今回、国連でさまざまな経験を積んだ子どもたちは「すごく楽しかった」(柏木いろはさん)、「たくさんの人に聞いてもらえたから、世界が変わっていけたらいいなって思っています」(市川昴さん)、「みんなに伝わったら、世界が少しだけでも平和になれるかな」(佐藤和奏さん)とそれぞれ思いの丈を語ります。

不安定な情勢が続き、一部では国際連合安全保障理事会の機能不全が囁かれていますが、子どもたちが声を上げるなか、大人はどうするべきなのか。子どもたちとともにテーマソングを歌ったMIYAVIさんは「国連も含め、こういう場があるということがすごく大事だと思うし、あとはそこで僕たちが何をしていけるか」と話していました。

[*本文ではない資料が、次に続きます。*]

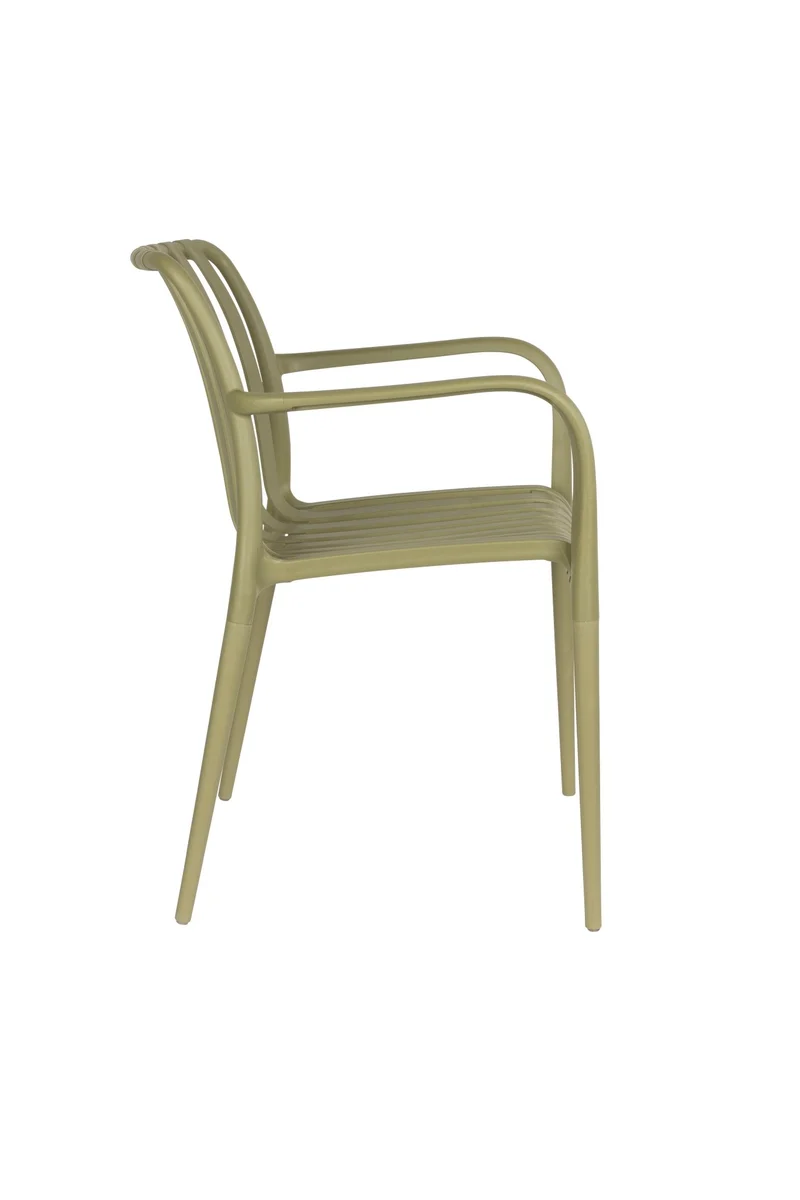 Chaise d'extérieur avec accoudoirs en plastique vert Cala - The Cool Republic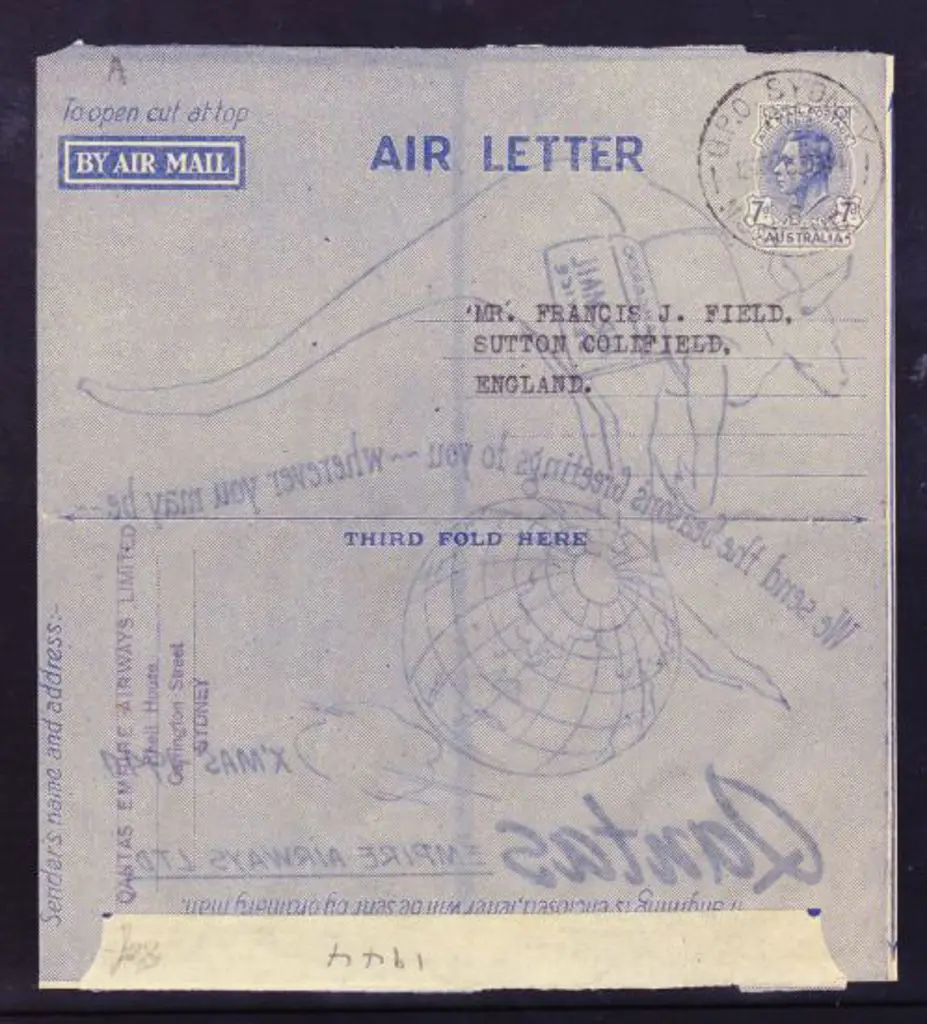 1944 (13th Dec) Australia to England Qantas ... Image 1++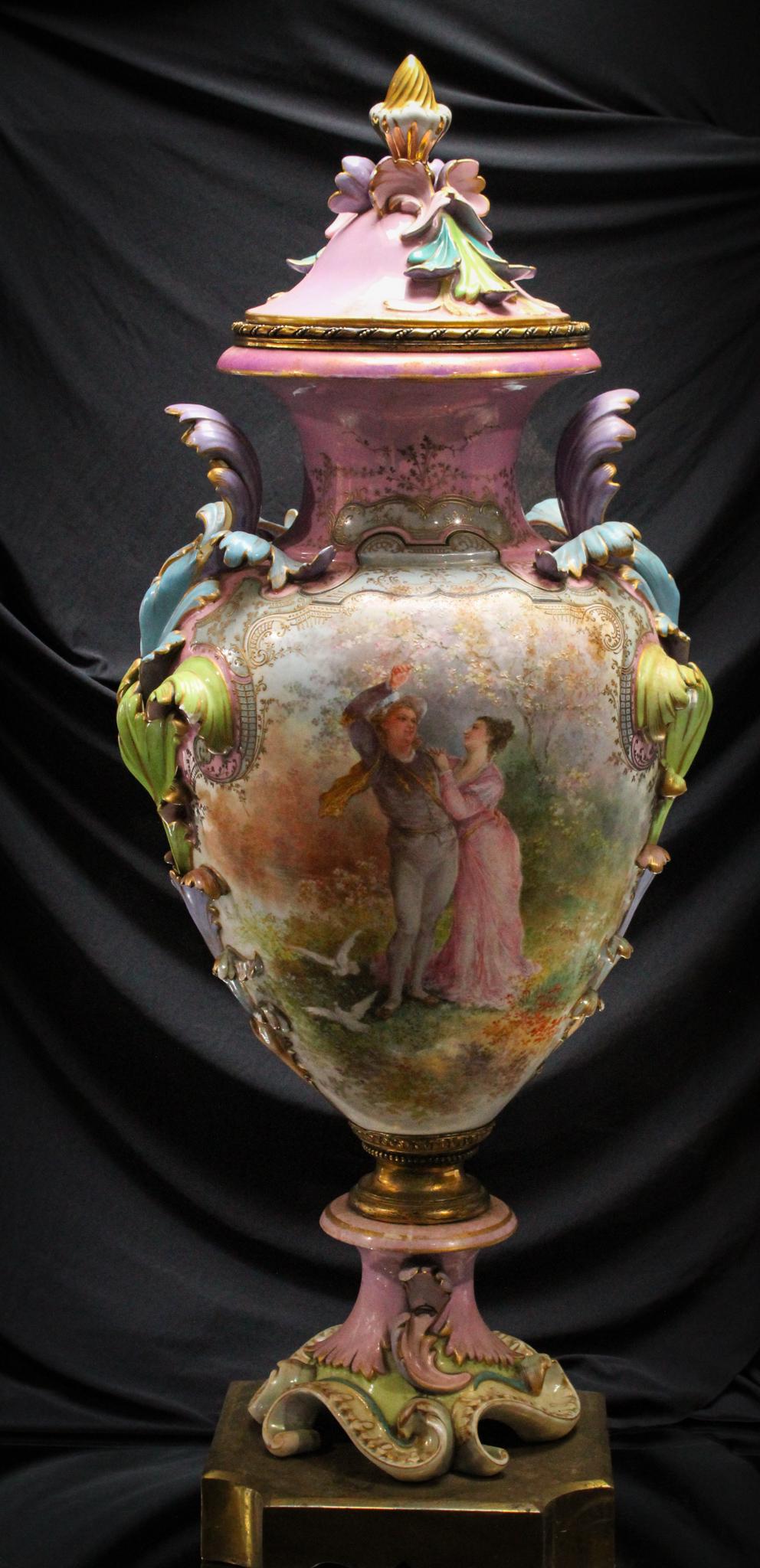 Massive Sevres France Porcelain Hand Painted Artist signed 37" Palace Urn (1 of 20)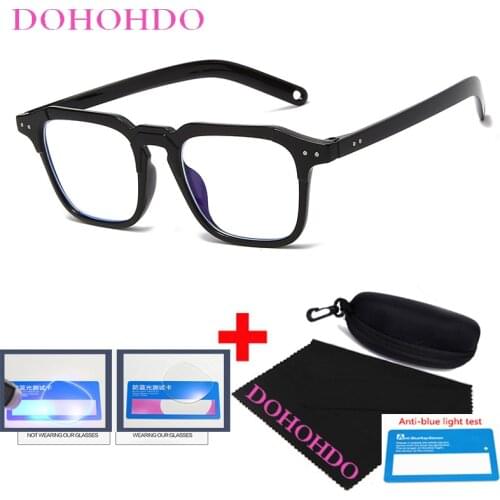DOHOHDO Vintage Men Anti Blue Light Computer Glasses Frame Womens Blue Light Blocking Glasses UV Gaming Filter Optical Glasses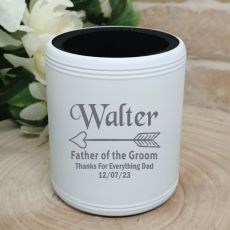Father of the Groom Engraved White Stubby Can Cooler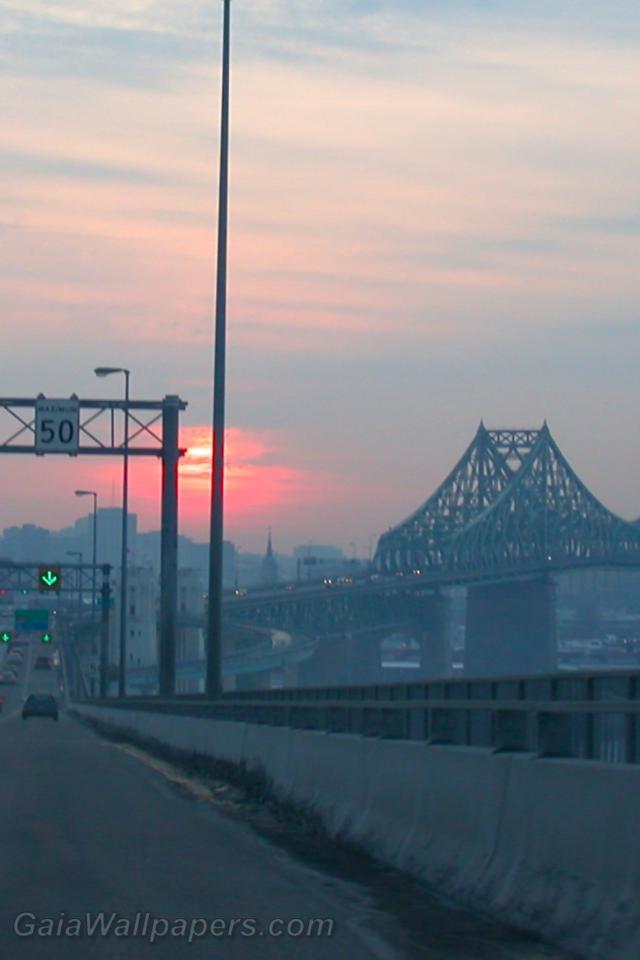 Driving on Pont Jacques-Cartier at sunset - Free desktop wallpapers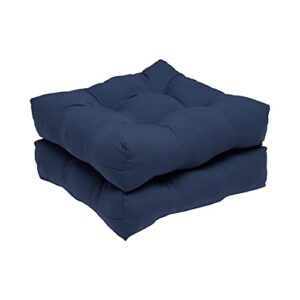 amazon basics tufted outdoor patio square seat cushion 19 x 19 x 5 inches, insignia blue - pack of 2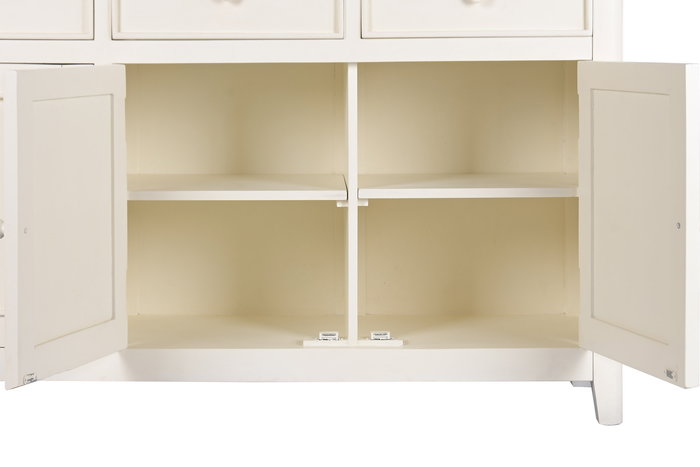 DKD Home Decor Vitrina Tradicional Crema Marron Oscuro Mango y MDF 150 x 190 x 45 cm con 6 cajones y 6 puertas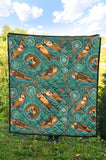 Cute Brown Sea Otters Ornamental Seaweed Corals Green Water Premium Quilt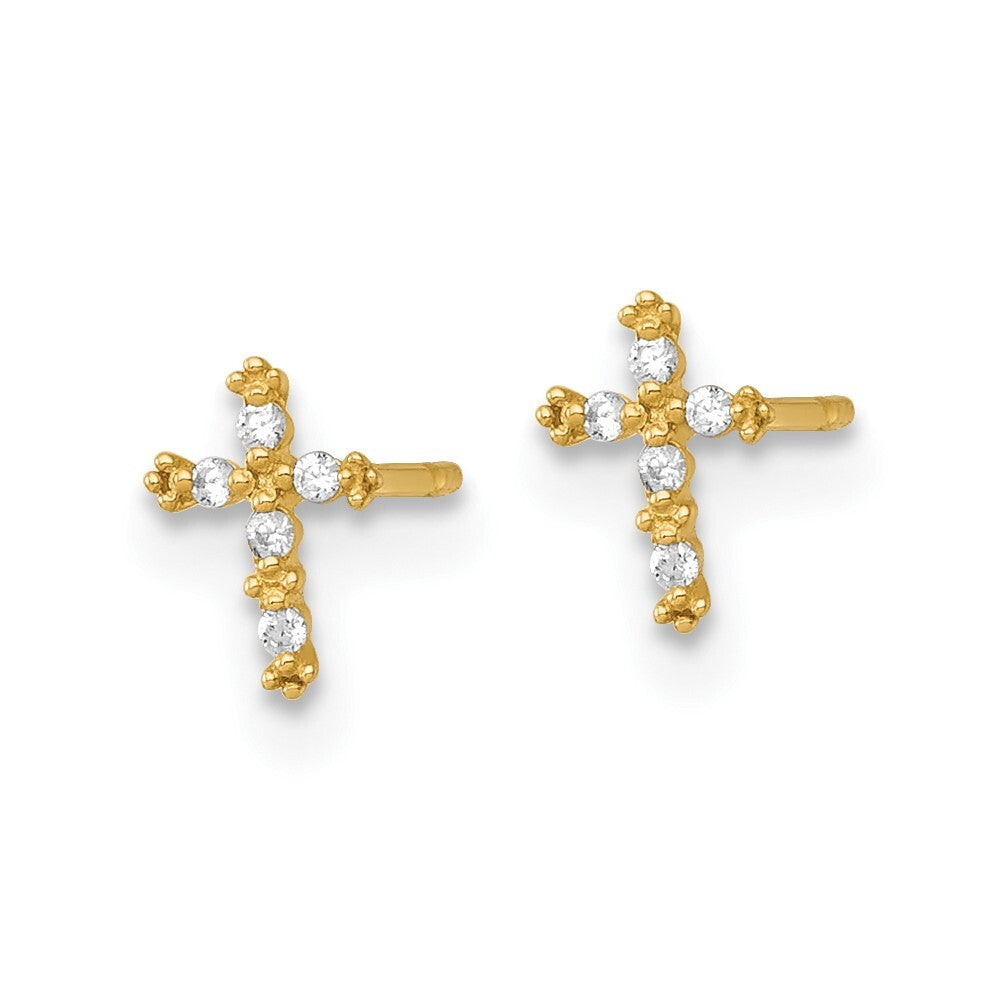 14k Yellow Gold Polished Cubic Zirconia Cross Stud Earrings Gift for Women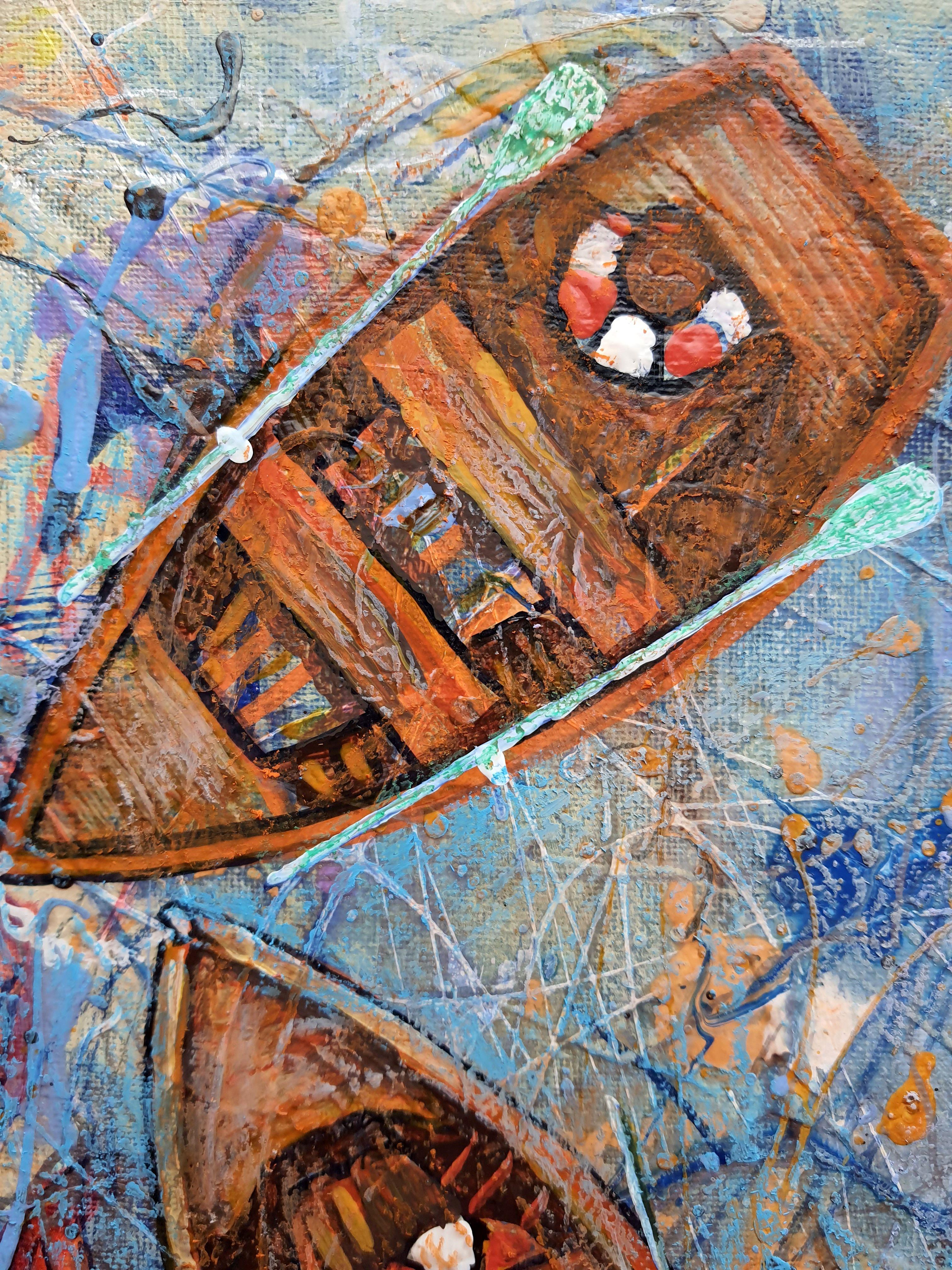 Orange Boats - Painting by RAKHMET REDZHEPOV (RAMZI)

堀によると、「国連を支える世界こども未来会議」は3年前、子どもたちが国連に提言できる組織を立ち上げようと日本で発足されたもので、昨年末にようやく国連から正式な取り組みと認められました。そして、この1年間は子どもたちが何度も議論を重ね、それをまとめたものを今回提言したそうで、堀は「この取り組みを次は世界の子どもたちと繋ぎ、広げていく。それが日本のできる役割の一つかなと思う」と力を込めます。

堀のレポートに、キャスターの豊崎由里絵からは「子どもたちが世界平和を一生懸命考えているにも関わらず、大人である私たちは戦争が起きているのに経済的なことを考えて『あそことは手を離してはいけない』とか、そういうことばかり考えてしまって」と反省の言葉が。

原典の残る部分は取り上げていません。